1. Civic Voice is the new national charity for the civic movement. Working with a network of hundreds of volunteer-led and community based civic societies and other groups across England we work to make the places where everyone lives more attractive, enjoyable and distinctive and to promote civic pride. We have been joined by over 270 civic societies with c70,000 individual members in our first nine months. Civic society volunteers are the most numerous participants in the planning system and this briefing is informed by their practical experience and local outlook.

2. Civic Voice warmly welcomes the fundamental intention behind the Localism Bill to deliver a "power shift" to local communities. This principle needs to guide debate on the draft legislation. Communities have had things "done to them" for too long and their knowledge and expertise has been undervalued. We recognise some of this power shift is challenging for local authorities and the professions and it requires a different way of thinking and working with communities. People expect more and want actively to shape the future of their neighbourhood. We relish the opportunity for communities to take the lead in shaping the quality of the places where we all live. Our support for key aspects of the Bill on neighbourhood planning and the community right to buy is evident in CLG’s press releases which include quotes from Civic Voice.

3. The context for the Bill is important. It provides some of the "hardware" necessary to deliver a power shift to communities. Yet, in many ways, it is the "software" of support, guidance and resources (intellectual and financial) made available to communities that is the most important. The Bill will be stillborn if communities are not able to realise the opportunities and take advantage of the new rights it establishes or fail to be supported by the culture change in government and the professions which will be needed.

4. This briefing focuses on the provisions in Part 5 for planning and the proposed "community right to buy" in Chapter 4 of Part 4 of the Bill. We also welcome the proposed general power of competence for local authorities and the provisions for local referendums and a community right to challenge to deliver services in Chapter 4. We also raise some issues which are not yet in the Bill, such as planning protection for local services and the need for a community right of appeal against development granted permission which cuts across an agreed local or neighbourhood plan.

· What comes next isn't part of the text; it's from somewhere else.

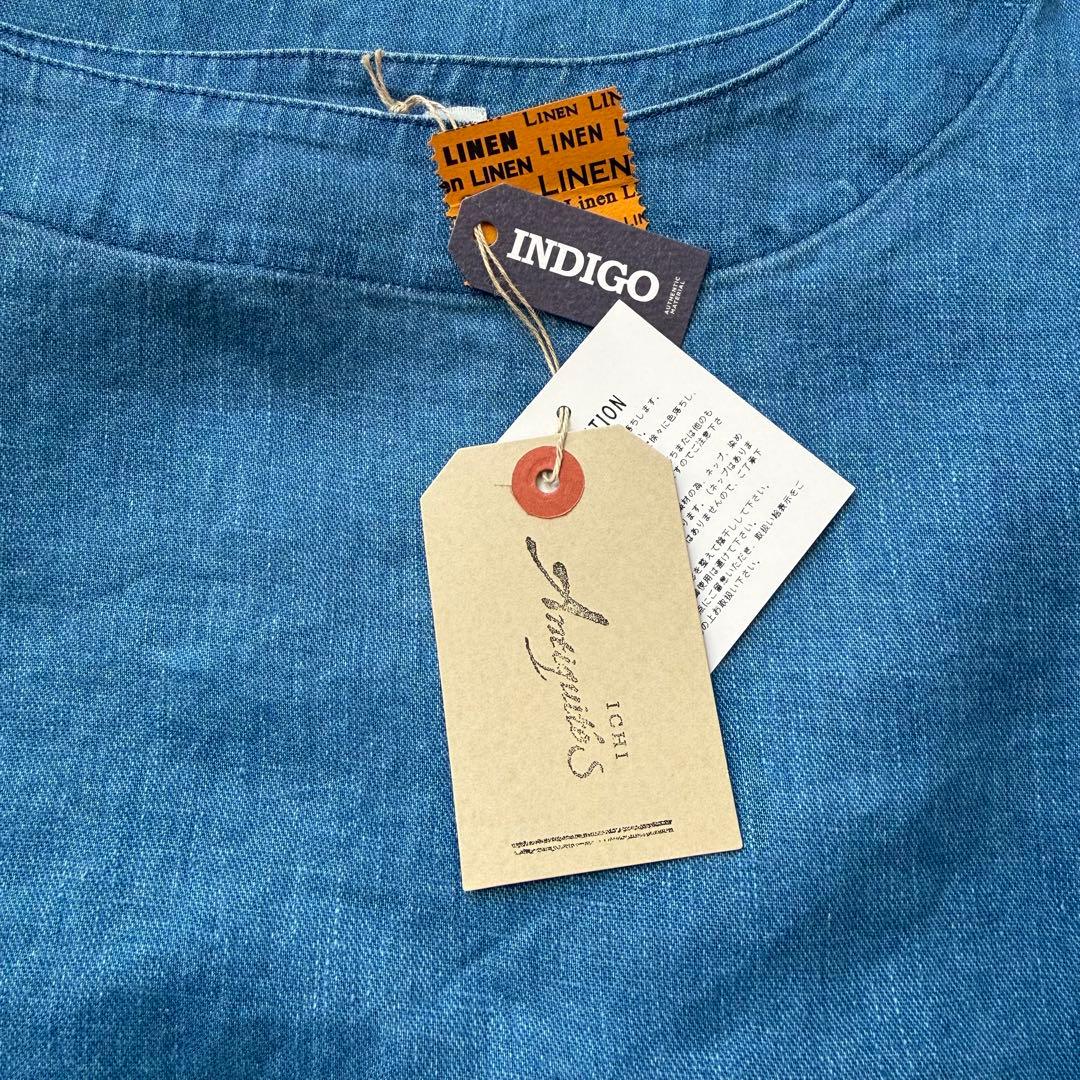 新品 イチアンティークス INDIGO Linen Denim Dress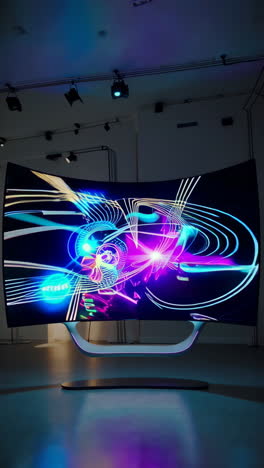 curved tv display at an exhibition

Chapter 4 – Assets of community value (the "community right to buy")

We welcome the provisions to give communities rights to identify public and private assets of community value in their area and bid to take on responsibility for them if there is a proposal for them to be disposed. Too many communities are losing the buildings and services that bind them together.  They need these safeguards to ensure community assets don't disappear for the lack of awareness of their value and to provide civic societies and other local groups with the time and capacity needed to develop viable proposals to save them. 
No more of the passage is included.